## Heatmap: Action probability in the policy
### Overview
The image compares action probabilities in a policy across two methods ("Ours" and "PPO-Lagrangian") for two scenarios: "Fill 1 at 4 positions" and "Fill 2 at 4 positions". The left side shows two diagrams illustrating grid-based actions, while the right side contains heatmaps with numerical values and a color scale.
### Components/Axes
- **Main Title**: "Action probability in the policy"
- **Left Diagrams**:
- Top: Grid with diagonal line in top-left quadrant (labeled "Fill 1 at row 2 col 1")
- Bottom: Grid with two diagonal lines in first column (same label)

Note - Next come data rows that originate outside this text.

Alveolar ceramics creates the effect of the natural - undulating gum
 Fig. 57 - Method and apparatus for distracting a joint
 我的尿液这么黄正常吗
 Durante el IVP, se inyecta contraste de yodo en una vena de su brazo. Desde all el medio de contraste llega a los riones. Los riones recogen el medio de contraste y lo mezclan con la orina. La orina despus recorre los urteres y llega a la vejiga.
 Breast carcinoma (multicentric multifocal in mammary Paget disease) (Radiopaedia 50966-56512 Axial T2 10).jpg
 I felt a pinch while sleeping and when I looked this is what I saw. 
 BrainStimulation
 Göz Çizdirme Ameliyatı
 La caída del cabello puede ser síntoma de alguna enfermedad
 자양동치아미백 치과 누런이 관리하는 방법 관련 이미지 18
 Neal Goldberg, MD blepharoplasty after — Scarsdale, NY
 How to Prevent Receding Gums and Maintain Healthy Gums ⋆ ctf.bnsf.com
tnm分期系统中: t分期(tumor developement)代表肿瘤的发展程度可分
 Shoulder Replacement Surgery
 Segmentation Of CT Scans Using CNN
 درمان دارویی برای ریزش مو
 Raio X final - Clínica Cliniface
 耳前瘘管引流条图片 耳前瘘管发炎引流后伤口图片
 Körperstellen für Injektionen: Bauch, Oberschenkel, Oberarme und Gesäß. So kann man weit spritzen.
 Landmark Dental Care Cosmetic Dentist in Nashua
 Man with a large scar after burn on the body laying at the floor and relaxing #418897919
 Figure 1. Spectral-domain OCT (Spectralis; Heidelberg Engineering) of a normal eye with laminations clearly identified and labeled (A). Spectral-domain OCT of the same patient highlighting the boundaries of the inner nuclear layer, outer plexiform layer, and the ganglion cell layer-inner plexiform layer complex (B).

- Arrow connects diagrams to right-side tables
- **Right Tables**:
- **Rows**: "Ours" (top), "PPO-Lagrangian" (bottom)
- **Columns**:
- "Fill 1 at 4 positions" (left)
- "Fill 2 at 4 positions" (right)
- **Color Scale**:
- Vertical bar on right (0.00 to 0.40)
- Darker blue = higher probability
### Detailed Analysis
#### "Ours" Method
- **Fill 1 at 4 positions**:
- Top-left: 0.2503 (dark blue)
- Bottom-right: 0.2496 (medium blue)
- **Fill 2 at 4 positions**:
- Top-right: 0.2502 (dark blue)
- Bottom-left: 0.2499 (medium blue)
#### "PPO-Lagrangian" Method
- **Fill 1 at 4 positions**:
- Top-left: 0.1385 (light blue)
- Bottom-right: 0.1384 (light blue)
- **Fill 2 at 4 positions**:
- Top-right: 0.1381 (light blue)
- Bottom-left: 0.1383 (light blue)
### Key Observations
1. **Probability Disparity**: "Ours" consistently shows 2x higher probabilities than PPO-Lagrangian across all positions.
2. **Positional Variation**:
- "Ours" shows slight differences between positions (e.g., 0.2503 vs 0.2496 in Fill 1)
- PPO-Lagrangian values are nearly identical across positions (0.1381-0.1385)
3. **Color Consistency**: Darker blue in "Ours" matches higher values (0.25) vs lighter blue in PPO-Lagrangian (0.138)
### Interpretation
The data demonstrates that the "Ours" policy assigns significantly higher action probabilities to specific grid positions compared to PPO-Lagrangian. The heatmaps reveal:
- **Selective Focus**: "Ours" prioritizes certain positions (e.g., top-left in Fill 1) with near-maximum probabilities
- **Uniform Distribution**: PPO-Lagrangian maintains nearly identical probabilities across all positions, suggesting a more generalized approach
- **Policy Effectiveness**: The 2x probability difference implies "Ours" may be more efficient at targeting specific actions in this grid-based task
The diagrams on the left visually represent the action selection process, with the arrow indicating the transformation from initial state (single diagonal line) to policy output (dual lines in "Ours" method). This spatial grounding connects the abstract probability values to concrete grid-based actions.